Information supplied:
☆ ☆ ☆ ☆
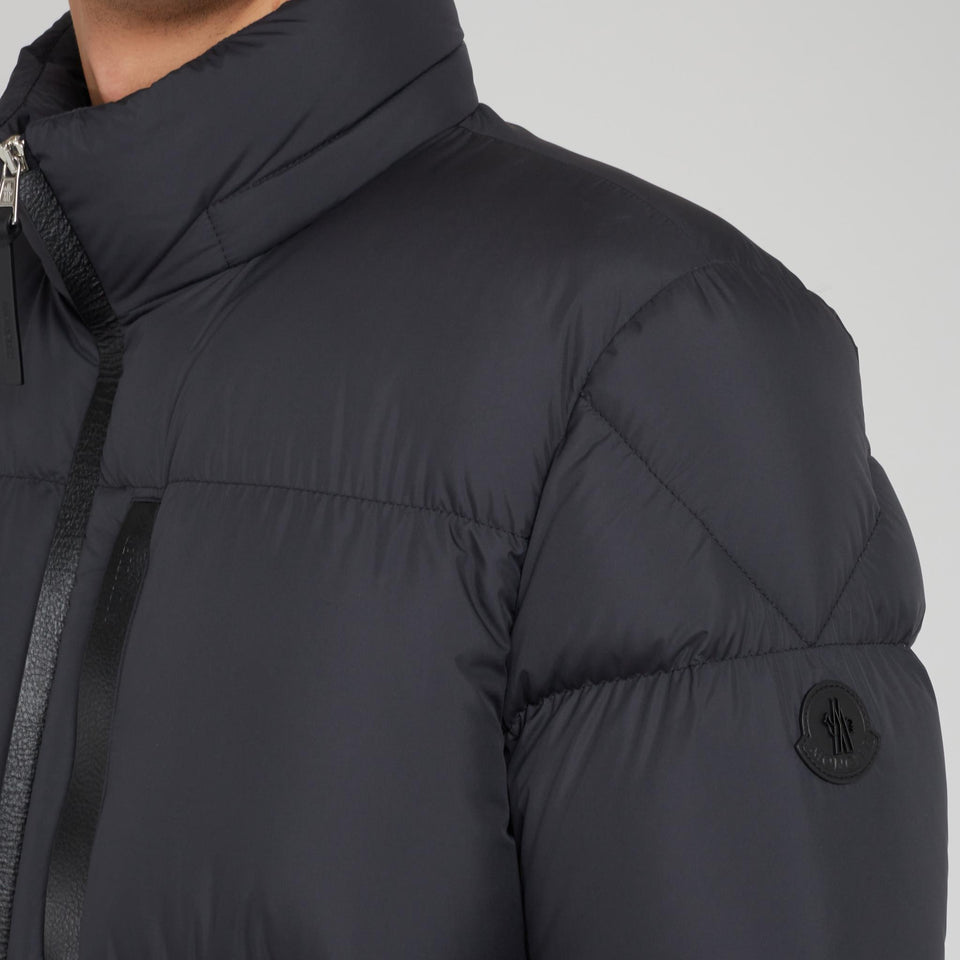 "Besbre" down jacket in black fabric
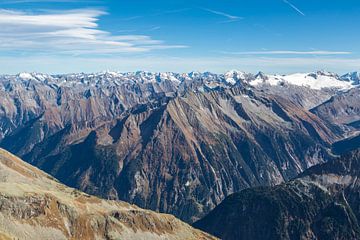 Alpentoppen in de zomer van Peter Leenen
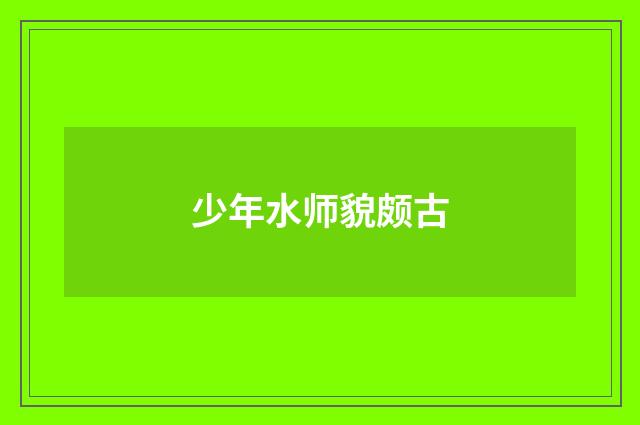 少年水师貌颇古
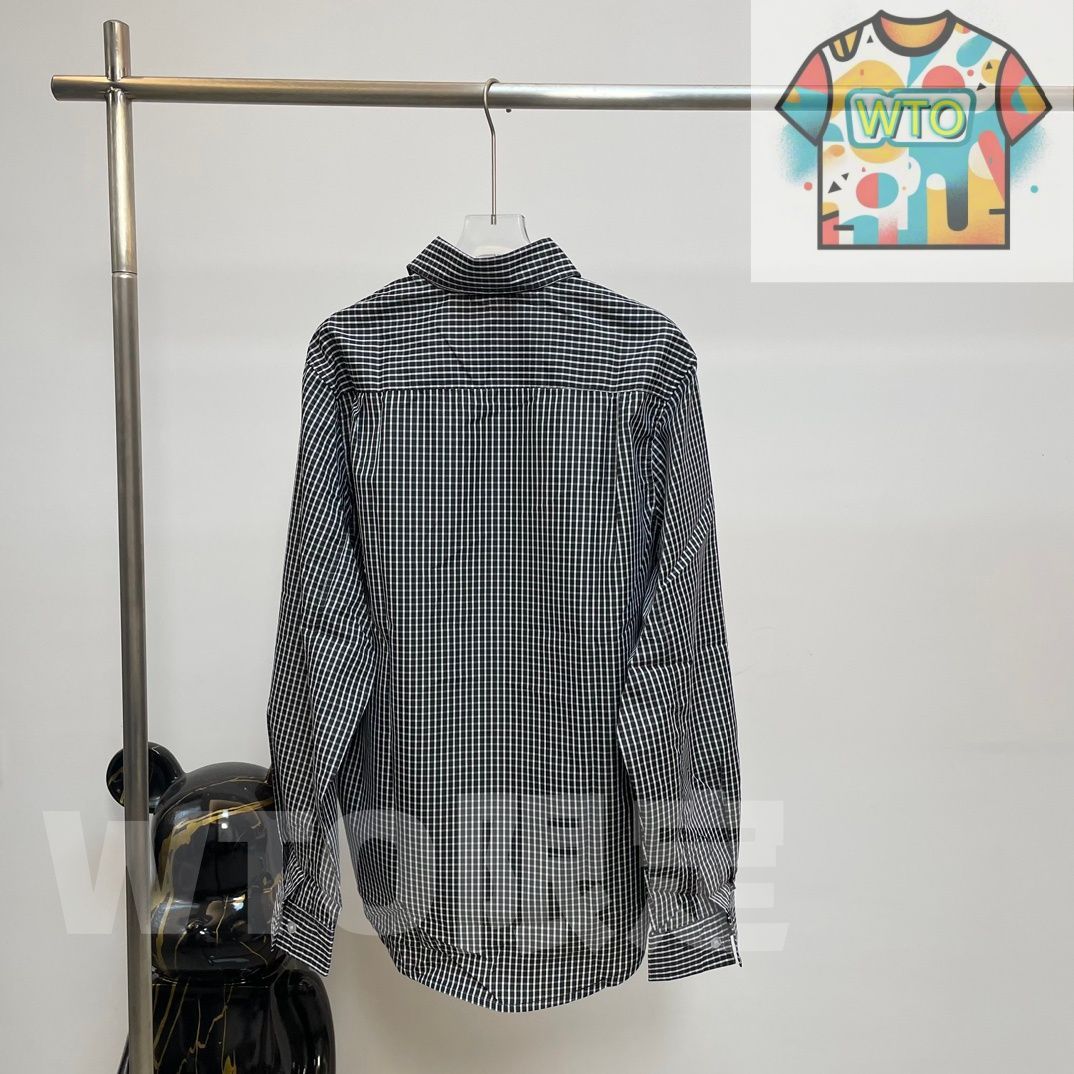 Balenciaga 春夏 グリッドシャツジャケット -WT0輸入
☆ ☆ ☆ ☆
The task: When an image appears in the data, skip it and output the rest exactly.

Completed task:
 "Besbre" down jacket in black fabric
 Alpentoppen in de zomer van Peter Leenen
 少年水师貌颇古
 Balenciaga 春夏 グリッドシャツジャケット -WT0輸入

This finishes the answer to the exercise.